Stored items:

______________________________

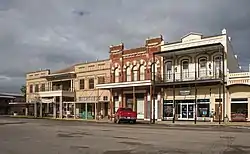 Historic district of downtown Goliad, Texas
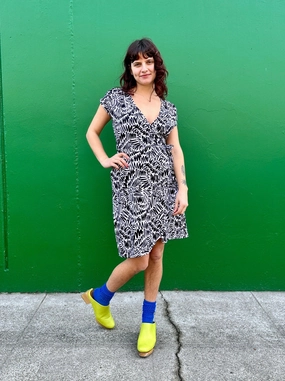 Wrap Dress - Zig Zag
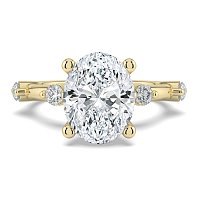 Ariel with Round Prong-Set on Band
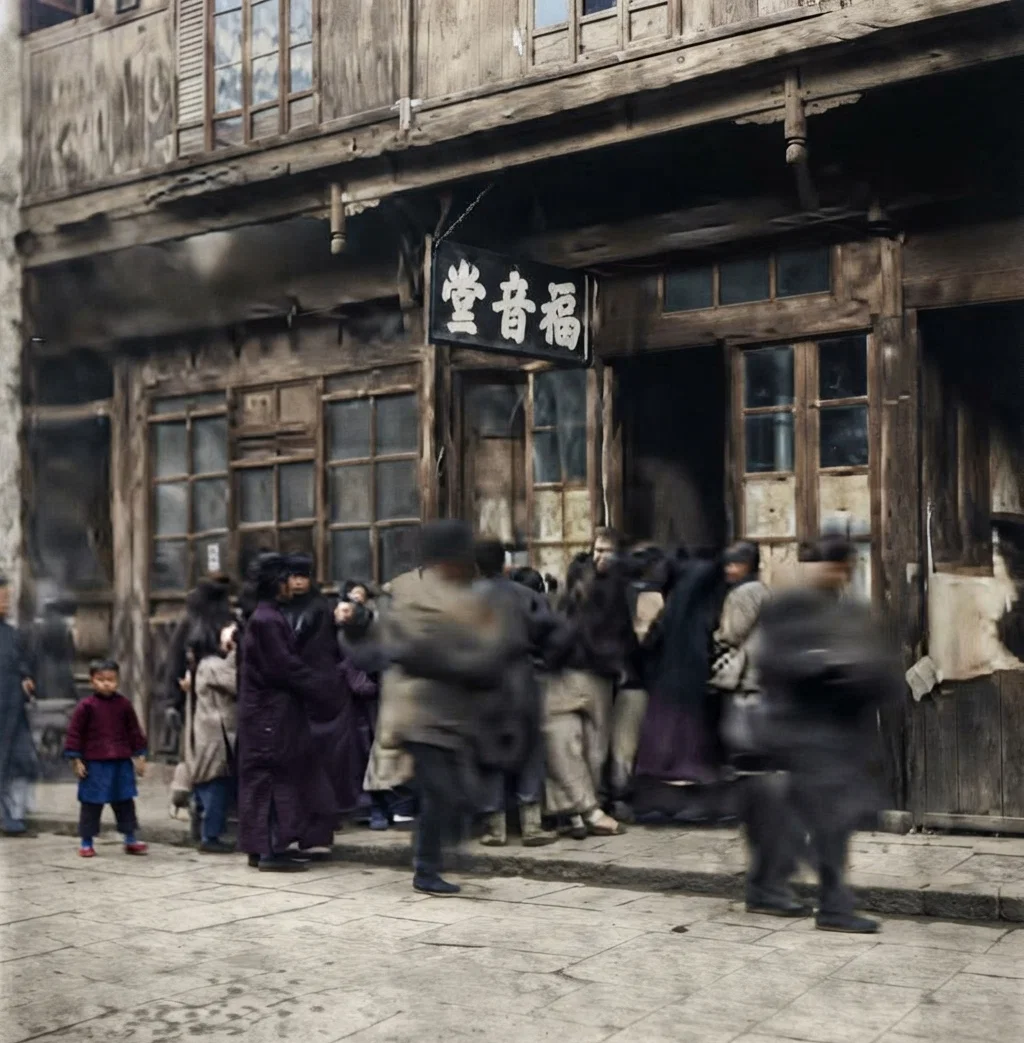 Opening day of our Chinese chapel. Crowds came like this all the afternoon.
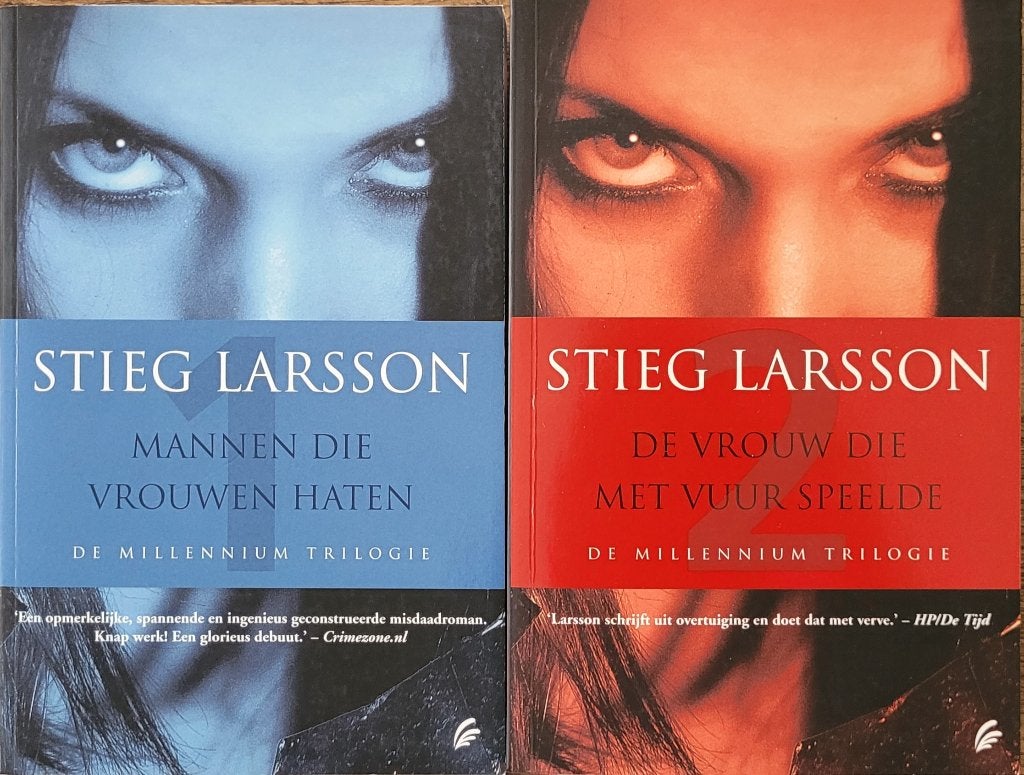 2x Stieg Larrson, Ophalen, Zo goed als nieuw, Stieg Larsson, Nederland
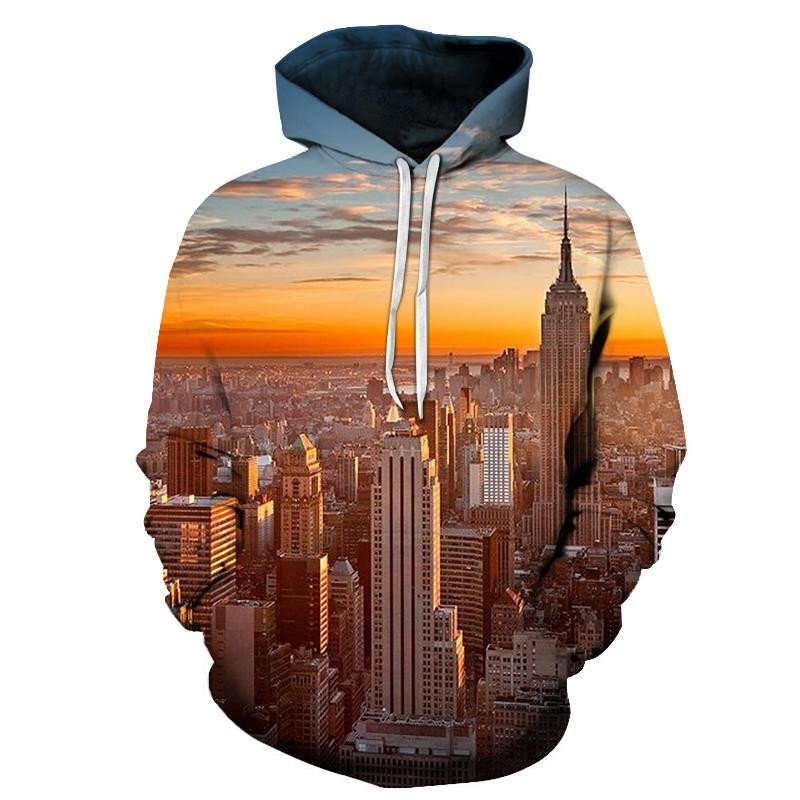 New York At Sunrise 3D All Over Printed Sweatshirt, Hoodie, Zip Hoodie | Fan Apparel For Men, Women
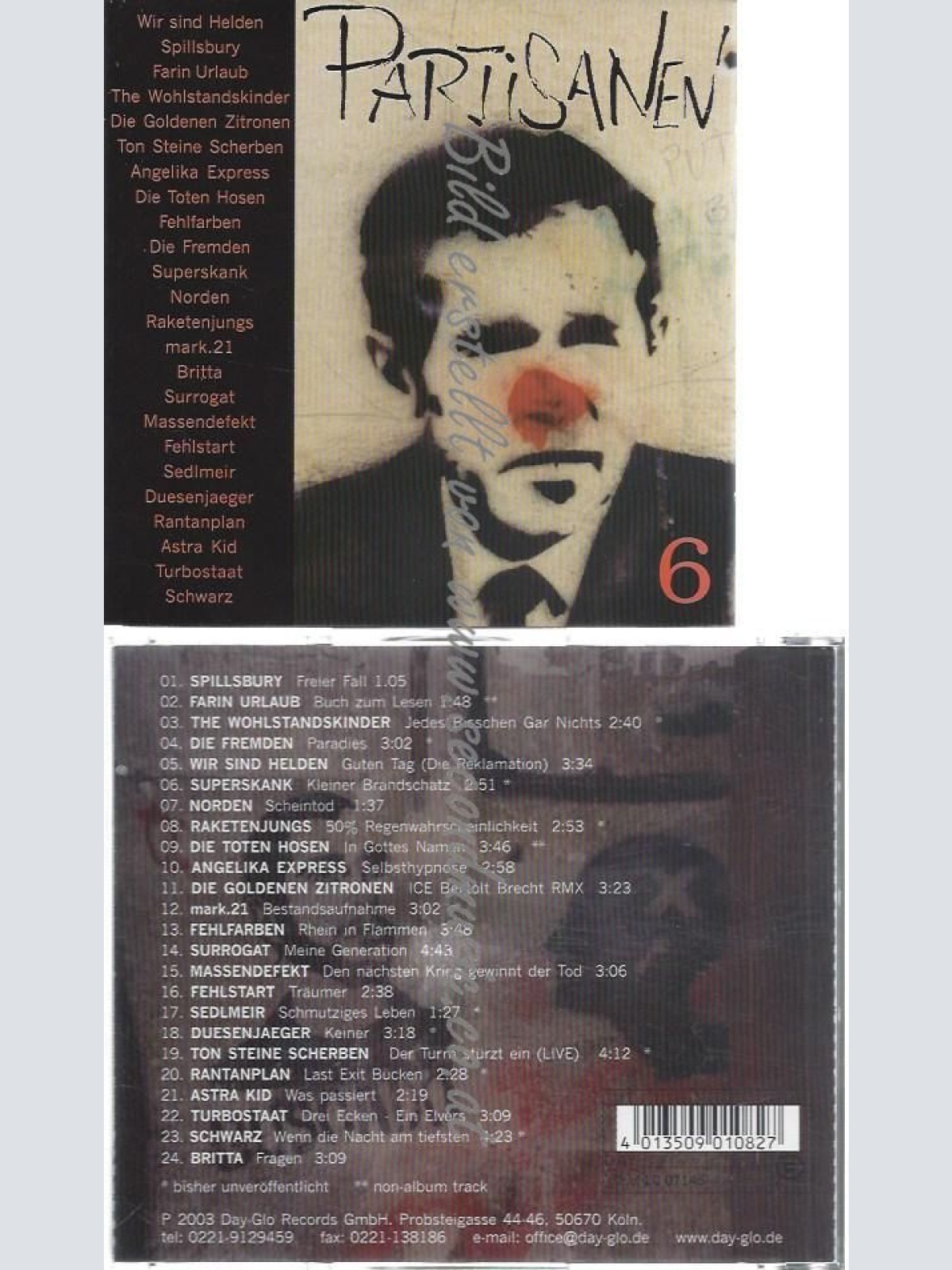 CD--VARIOUS--PARTISANEN VOL. 6
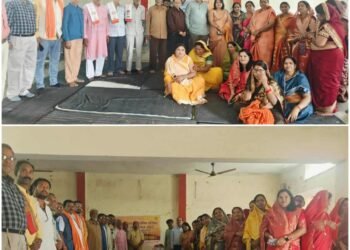 District level meeting of Samagra Brahmin Parishad Chhattisgarh in Gandai area_Newsxpress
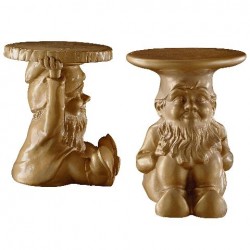 Kartell Attila Gnome Table Stool Gold 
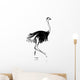 Ostrich sketch black for your design Wall Decal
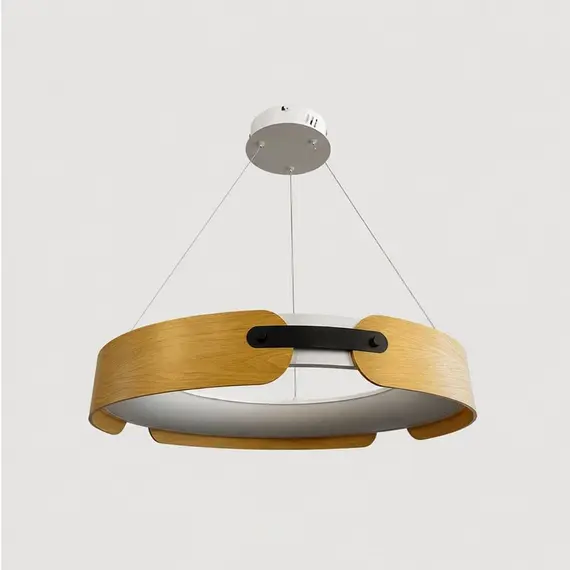 Люстра Linef 1907 1907P-480 WT+Wood, изображение 2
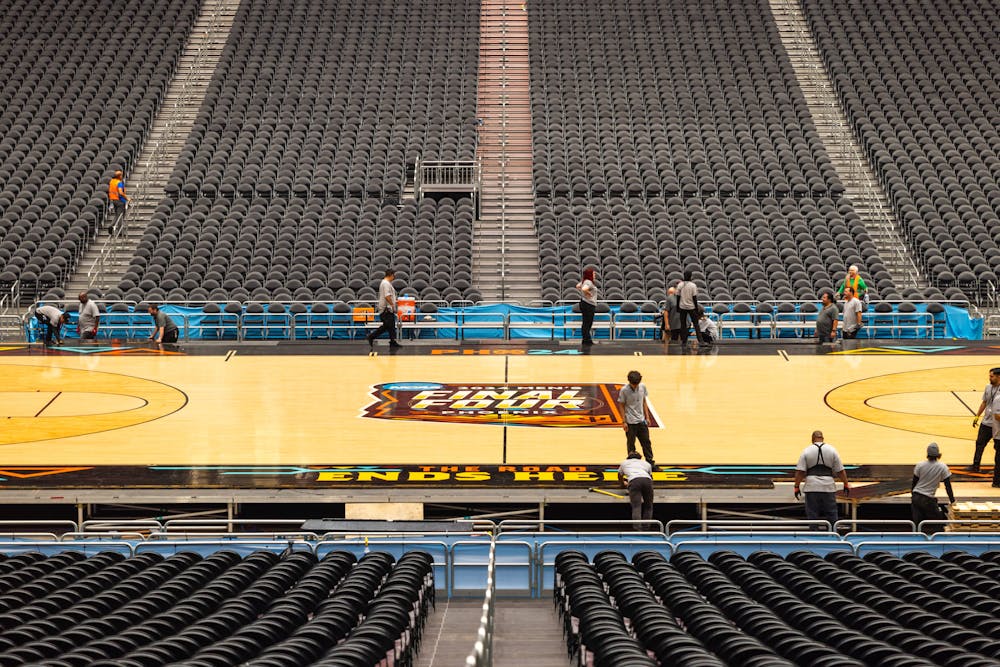 How the Final Four's court got to Arizona from the small, Michigan town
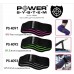 Еспандер для пілатесу power system ps-4091 booty band lvl 1 black / pink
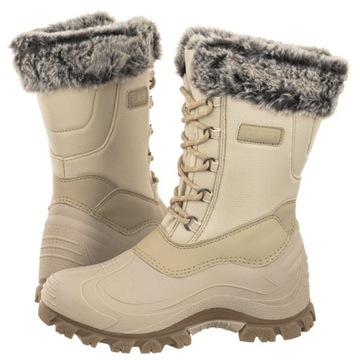 Buty Śniegowce Damskie CMP Snow Boots Beżowe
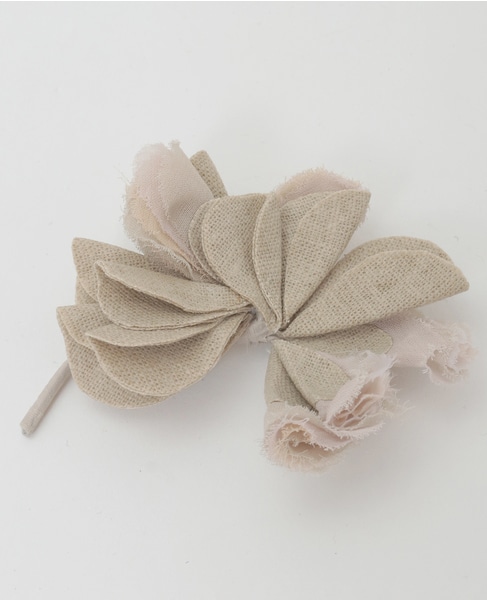 【utilite/ユティリテ】花びらのコサージュ 詳細画像 キナリ 1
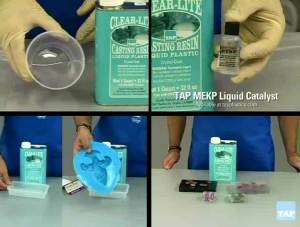 Membuat Kerajinan  Dari  Resin  Bening 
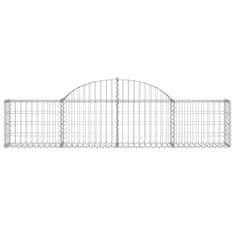 Vidaxl Obokane gabion košare 8 kosov 200x30x40/60 cm pocinkano železo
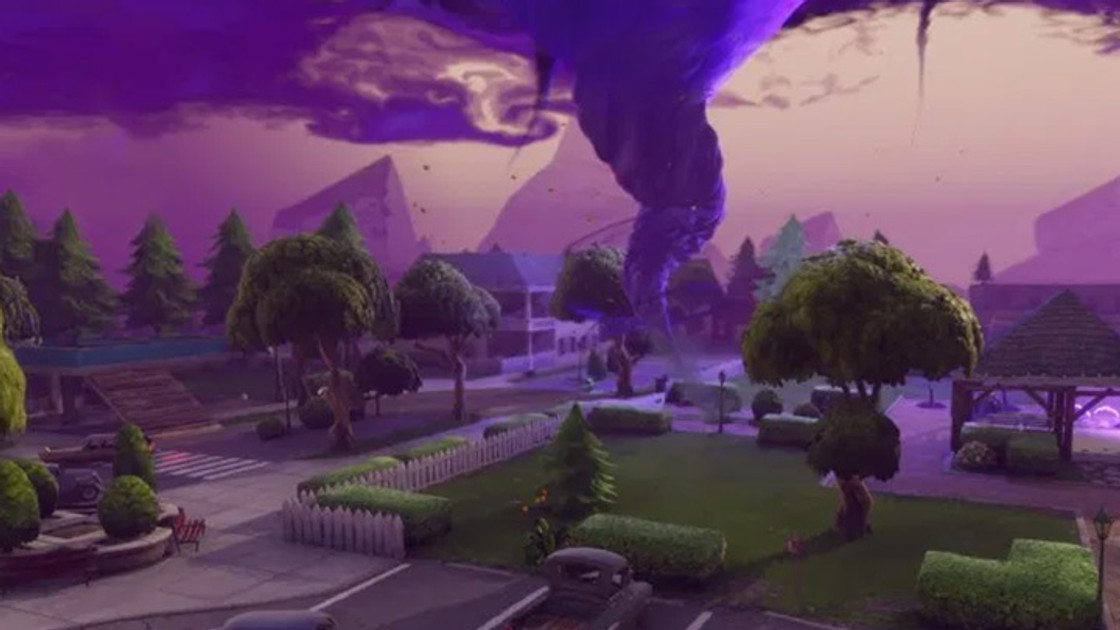 Fortnite : Visiter le centre d'un cercle de tempête, défi Course tempétueuse, guide pour le réaliser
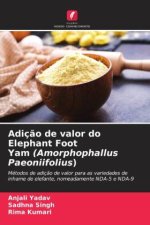 Adiç?o de valor do Elephant Foot Yam (Amorphophallus Paeoniifolius)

______________________________

Work to complete:
Nothing in the entries above should change when they are printed again, except that the pictures are dropped.

Response to this exercise:
 Historic district of downtown Goliad, Texas
 Wrap Dress - Zig Zag
 Ariel with Round Prong-Set on Band
 Opening day of our Chinese chapel. Crowds came like this all the afternoon.
 2x Stieg Larrson, Ophalen, Zo goed als nieuw, Stieg Larsson, Nederland
 New York At Sunrise 3D All Over Printed Sweatshirt, Hoodie, Zip Hoodie | Fan Apparel For Men, Women
 CD--VARIOUS--PARTISANEN VOL. 6
 District level meeting of Samagra Brahmin Parishad Chhattisgarh in Gandai area_Newsxpress
 Kartell Attila Gnome Table Stool Gold 
 Ostrich sketch black for your design Wall Decal
 Люстра Linef 1907 1907P-480 WT+Wood, изображение 2
 How the Final Four's court got to Arizona from the small, Michigan town
 Еспандер для пілатесу power system ps-4091 booty band lvl 1 black / pink
 Buty Śniegowce Damskie CMP Snow Boots Beżowe
 【utilite/ユティリテ】花びらのコサージュ 詳細画像 キナリ 1
 Membuat Kerajinan  Dari  Resin  Bening 
 Vidaxl Obokane gabion košare 8 kosov 200x30x40/60 cm pocinkano železo
 Fortnite : Visiter le centre d'un cercle de tempête, défi Course tempétueuse, guide pour le réaliser
 Adiç?o de valor do Elephant Foot Yam (Amorphophallus Paeoniifolius)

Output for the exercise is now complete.